- _MATERIAL PROVIDED_:
•••••
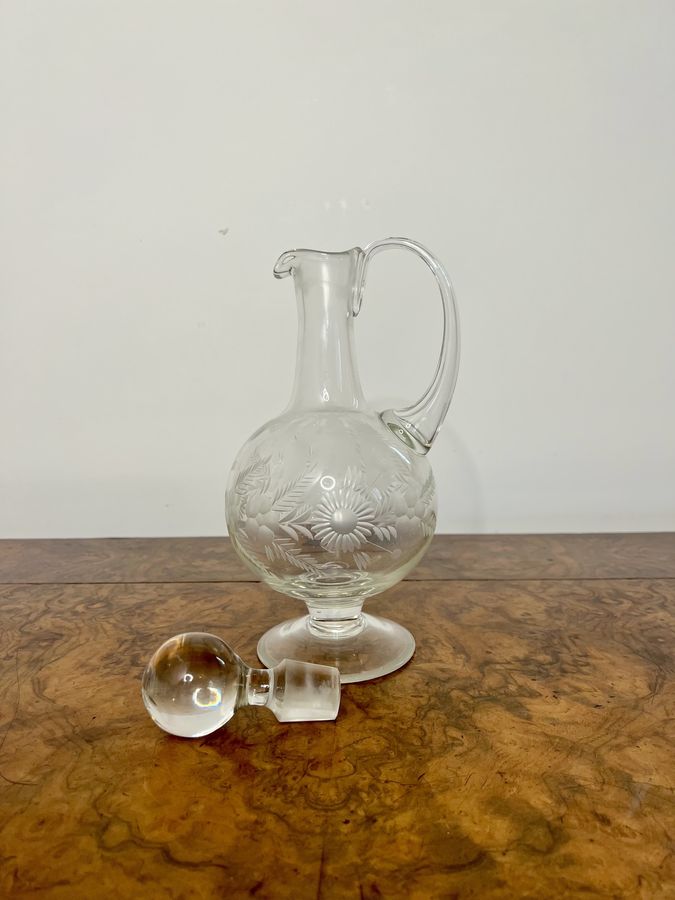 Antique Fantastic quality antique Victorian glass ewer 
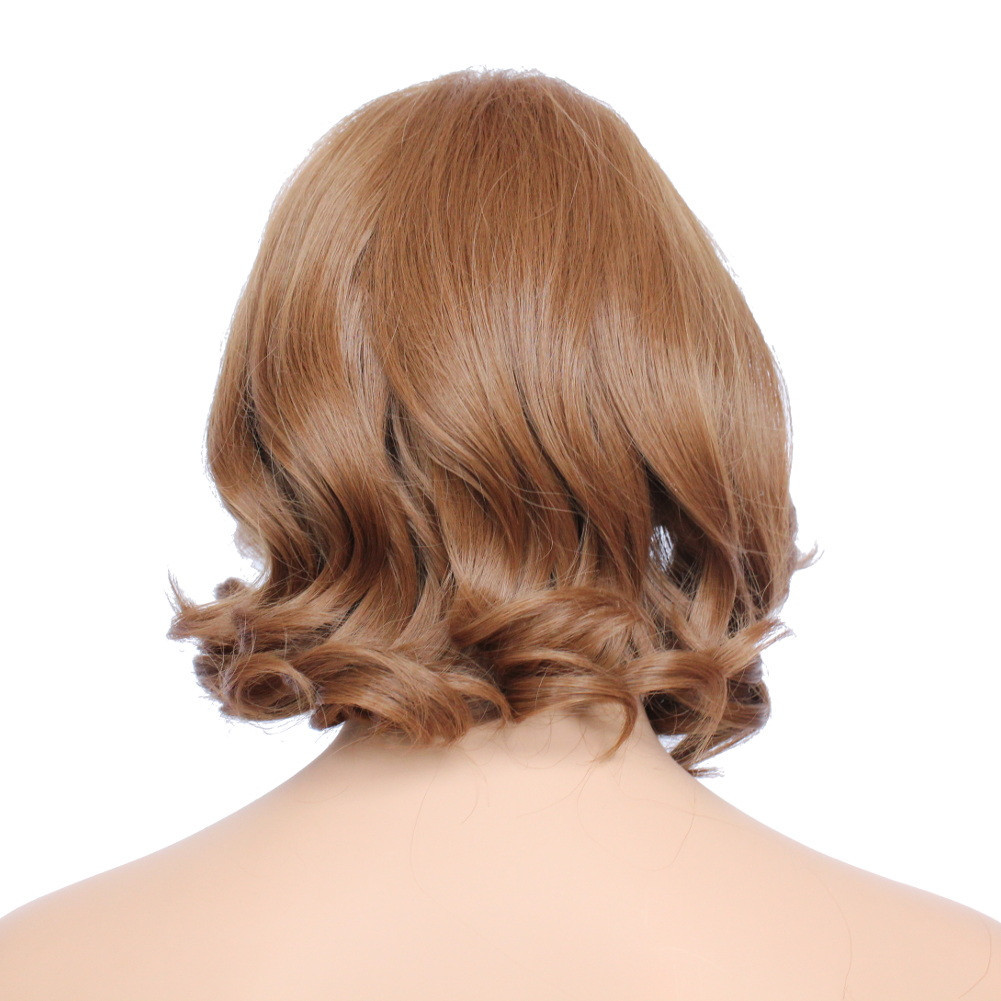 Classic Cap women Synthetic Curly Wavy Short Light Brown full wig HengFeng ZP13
•••••
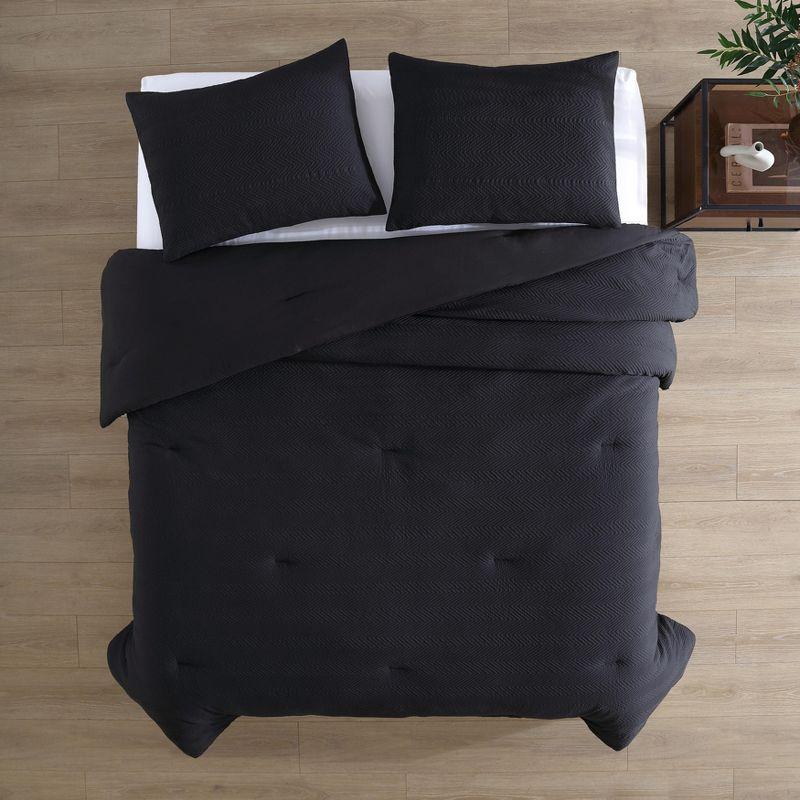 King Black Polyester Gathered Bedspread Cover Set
•••••
- _EXERCISE PROMPT_:
Only the lines above from the one containing "Antique Fantastic quality" through the one containing "Classic Cap women" should be returned, verbatim and inclusive, with pictures excluded.

- _RESULT_:
 Antique Fantastic quality antique Victorian glass ewer 
 Classic Cap women Synthetic Curly Wavy Short Light Brown full wig HengFeng ZP13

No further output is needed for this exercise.